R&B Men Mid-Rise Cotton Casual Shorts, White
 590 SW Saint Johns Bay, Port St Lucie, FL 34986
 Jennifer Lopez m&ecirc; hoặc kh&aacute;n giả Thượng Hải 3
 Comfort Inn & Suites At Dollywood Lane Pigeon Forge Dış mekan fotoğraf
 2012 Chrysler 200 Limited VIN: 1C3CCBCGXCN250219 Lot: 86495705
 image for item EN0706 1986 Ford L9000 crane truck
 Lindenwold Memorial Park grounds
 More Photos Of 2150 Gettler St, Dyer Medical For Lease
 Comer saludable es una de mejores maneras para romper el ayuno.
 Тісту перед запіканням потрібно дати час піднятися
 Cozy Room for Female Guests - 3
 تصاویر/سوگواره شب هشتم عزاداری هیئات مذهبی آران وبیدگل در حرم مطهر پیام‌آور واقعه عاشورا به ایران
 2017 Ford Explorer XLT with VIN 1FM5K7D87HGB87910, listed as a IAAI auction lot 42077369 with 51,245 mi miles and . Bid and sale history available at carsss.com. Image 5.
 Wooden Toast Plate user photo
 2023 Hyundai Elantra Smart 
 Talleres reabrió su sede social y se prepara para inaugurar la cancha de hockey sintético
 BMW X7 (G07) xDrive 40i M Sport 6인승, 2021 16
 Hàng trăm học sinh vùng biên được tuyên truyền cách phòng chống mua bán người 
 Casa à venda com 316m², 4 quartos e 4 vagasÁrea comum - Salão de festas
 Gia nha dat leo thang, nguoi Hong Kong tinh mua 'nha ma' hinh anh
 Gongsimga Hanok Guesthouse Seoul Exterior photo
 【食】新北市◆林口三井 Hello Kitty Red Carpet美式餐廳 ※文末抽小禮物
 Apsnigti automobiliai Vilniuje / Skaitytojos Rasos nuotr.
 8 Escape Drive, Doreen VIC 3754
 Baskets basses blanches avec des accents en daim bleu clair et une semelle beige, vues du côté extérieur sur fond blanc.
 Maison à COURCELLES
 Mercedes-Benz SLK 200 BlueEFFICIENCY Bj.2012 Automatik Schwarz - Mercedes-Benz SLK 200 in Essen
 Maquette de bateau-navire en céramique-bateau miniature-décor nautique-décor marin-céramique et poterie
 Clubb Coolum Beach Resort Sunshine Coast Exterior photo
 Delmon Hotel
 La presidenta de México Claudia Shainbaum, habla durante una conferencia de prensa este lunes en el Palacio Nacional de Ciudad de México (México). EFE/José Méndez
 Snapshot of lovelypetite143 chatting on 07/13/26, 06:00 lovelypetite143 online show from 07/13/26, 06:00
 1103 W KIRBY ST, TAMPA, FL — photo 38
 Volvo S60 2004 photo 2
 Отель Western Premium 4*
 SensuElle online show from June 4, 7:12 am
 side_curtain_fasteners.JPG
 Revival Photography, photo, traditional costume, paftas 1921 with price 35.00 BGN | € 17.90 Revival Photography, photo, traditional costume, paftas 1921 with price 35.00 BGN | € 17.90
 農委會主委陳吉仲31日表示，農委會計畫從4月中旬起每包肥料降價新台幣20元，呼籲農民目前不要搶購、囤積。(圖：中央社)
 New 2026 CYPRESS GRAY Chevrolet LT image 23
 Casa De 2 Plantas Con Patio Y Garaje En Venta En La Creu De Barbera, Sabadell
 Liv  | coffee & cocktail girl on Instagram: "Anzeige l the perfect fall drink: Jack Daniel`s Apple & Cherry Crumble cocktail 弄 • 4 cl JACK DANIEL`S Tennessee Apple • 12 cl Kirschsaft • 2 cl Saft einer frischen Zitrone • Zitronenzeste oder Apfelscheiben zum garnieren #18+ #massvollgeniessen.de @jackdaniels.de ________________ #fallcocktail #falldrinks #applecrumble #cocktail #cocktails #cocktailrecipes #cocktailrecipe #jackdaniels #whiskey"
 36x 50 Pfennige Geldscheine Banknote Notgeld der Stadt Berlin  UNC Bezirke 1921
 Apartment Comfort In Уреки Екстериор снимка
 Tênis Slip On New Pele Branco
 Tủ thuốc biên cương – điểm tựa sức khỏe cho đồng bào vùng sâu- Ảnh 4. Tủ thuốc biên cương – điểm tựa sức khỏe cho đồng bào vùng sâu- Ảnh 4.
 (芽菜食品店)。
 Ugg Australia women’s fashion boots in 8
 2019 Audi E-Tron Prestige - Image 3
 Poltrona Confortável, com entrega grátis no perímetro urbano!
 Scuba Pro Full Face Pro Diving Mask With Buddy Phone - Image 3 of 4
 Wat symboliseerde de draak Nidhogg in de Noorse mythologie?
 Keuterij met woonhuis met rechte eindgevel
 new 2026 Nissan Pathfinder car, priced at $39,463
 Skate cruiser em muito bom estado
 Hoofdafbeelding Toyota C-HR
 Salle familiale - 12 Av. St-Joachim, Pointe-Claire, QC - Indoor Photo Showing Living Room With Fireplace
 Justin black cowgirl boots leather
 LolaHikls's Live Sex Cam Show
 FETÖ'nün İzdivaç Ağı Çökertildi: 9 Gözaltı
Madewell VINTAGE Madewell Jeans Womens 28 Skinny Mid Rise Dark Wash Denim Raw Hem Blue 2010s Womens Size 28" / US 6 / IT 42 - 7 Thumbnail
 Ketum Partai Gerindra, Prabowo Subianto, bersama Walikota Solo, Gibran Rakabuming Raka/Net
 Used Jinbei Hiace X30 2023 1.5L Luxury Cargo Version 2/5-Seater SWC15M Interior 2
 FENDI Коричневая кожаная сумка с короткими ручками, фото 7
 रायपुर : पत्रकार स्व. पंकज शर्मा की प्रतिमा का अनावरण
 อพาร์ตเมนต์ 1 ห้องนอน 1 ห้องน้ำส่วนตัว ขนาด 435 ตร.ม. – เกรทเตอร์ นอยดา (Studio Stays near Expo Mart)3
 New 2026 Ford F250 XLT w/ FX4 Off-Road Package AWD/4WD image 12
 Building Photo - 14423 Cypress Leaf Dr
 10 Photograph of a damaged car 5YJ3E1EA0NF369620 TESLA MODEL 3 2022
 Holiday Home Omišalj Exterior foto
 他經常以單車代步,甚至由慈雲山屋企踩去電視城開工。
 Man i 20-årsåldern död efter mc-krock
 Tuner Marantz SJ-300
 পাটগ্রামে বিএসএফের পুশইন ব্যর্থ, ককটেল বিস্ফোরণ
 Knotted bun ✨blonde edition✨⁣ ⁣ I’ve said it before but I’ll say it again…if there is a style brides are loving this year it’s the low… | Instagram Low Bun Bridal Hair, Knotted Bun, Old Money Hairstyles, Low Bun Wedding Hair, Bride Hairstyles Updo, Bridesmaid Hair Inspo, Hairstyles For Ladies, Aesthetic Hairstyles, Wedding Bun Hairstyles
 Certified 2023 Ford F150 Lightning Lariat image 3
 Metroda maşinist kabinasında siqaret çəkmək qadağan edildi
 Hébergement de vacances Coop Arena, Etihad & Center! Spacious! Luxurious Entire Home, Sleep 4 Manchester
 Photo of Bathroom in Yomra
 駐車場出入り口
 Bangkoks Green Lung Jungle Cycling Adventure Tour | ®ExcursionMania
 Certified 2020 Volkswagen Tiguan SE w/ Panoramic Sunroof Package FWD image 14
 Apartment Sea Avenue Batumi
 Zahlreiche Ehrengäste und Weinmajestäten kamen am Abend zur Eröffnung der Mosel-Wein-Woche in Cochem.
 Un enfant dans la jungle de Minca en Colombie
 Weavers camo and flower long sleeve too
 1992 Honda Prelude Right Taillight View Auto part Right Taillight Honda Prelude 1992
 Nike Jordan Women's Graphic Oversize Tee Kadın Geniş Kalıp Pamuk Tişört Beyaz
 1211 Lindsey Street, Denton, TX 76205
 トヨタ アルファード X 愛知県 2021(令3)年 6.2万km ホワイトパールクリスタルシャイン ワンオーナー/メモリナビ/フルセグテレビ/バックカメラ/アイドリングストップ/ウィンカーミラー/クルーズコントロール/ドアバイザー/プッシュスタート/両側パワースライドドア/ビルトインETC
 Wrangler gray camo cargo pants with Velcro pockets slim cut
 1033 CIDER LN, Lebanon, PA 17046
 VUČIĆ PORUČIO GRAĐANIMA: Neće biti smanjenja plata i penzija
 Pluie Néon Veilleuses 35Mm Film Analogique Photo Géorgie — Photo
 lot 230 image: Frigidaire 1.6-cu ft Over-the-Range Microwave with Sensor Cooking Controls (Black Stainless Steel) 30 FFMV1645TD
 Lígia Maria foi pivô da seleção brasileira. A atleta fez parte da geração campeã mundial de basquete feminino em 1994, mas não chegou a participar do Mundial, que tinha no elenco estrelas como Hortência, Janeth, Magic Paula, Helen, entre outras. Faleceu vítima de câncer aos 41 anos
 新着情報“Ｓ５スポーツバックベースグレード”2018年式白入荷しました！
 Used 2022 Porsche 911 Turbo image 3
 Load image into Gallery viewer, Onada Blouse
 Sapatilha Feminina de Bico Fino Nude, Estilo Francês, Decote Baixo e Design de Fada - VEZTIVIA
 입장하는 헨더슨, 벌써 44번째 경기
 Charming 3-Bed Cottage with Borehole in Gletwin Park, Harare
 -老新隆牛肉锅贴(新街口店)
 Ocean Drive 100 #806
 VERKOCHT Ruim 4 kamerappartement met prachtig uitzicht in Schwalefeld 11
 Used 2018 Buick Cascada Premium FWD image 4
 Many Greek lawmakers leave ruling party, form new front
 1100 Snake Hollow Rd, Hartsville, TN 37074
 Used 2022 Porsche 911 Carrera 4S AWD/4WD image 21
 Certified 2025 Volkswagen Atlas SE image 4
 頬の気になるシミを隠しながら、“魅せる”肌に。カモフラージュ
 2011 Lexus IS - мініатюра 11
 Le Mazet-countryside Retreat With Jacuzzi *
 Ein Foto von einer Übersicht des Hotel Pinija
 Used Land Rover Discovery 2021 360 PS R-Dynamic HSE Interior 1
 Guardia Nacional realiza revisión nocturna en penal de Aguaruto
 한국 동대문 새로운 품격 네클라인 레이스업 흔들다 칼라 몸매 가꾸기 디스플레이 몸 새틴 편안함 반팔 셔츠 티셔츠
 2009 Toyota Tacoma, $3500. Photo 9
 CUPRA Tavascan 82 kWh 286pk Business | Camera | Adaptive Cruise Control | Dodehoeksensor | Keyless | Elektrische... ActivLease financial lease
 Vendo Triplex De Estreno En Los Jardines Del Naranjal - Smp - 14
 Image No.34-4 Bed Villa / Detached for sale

○ ○ ○

## TASK PROMPT
From the listing above, return the lines starting at the one with "Bangkoks Green Lung" and ending at the one with "1992 Honda Prelude", both kept, exactly as they appear and nothing more.

## SOLUTION TO THIS TASK
 Bangkoks Green Lung Jungle Cycling Adventure Tour | ®ExcursionMania
 Certified 2020 Volkswagen Tiguan SE w/ Panoramic Sunroof Package FWD image 14
 Apartment Sea Avenue Batumi
 Zahlreiche Ehrengäste und Weinmajestäten kamen am Abend zur Eröffnung der Mosel-Wein-Woche in Cochem.
 Un enfant dans la jungle de Minca en Colombie
 Weavers camo and flower long sleeve too
 1992 Honda Prelude Right Taillight View Auto part Right Taillight Honda Prelude 1992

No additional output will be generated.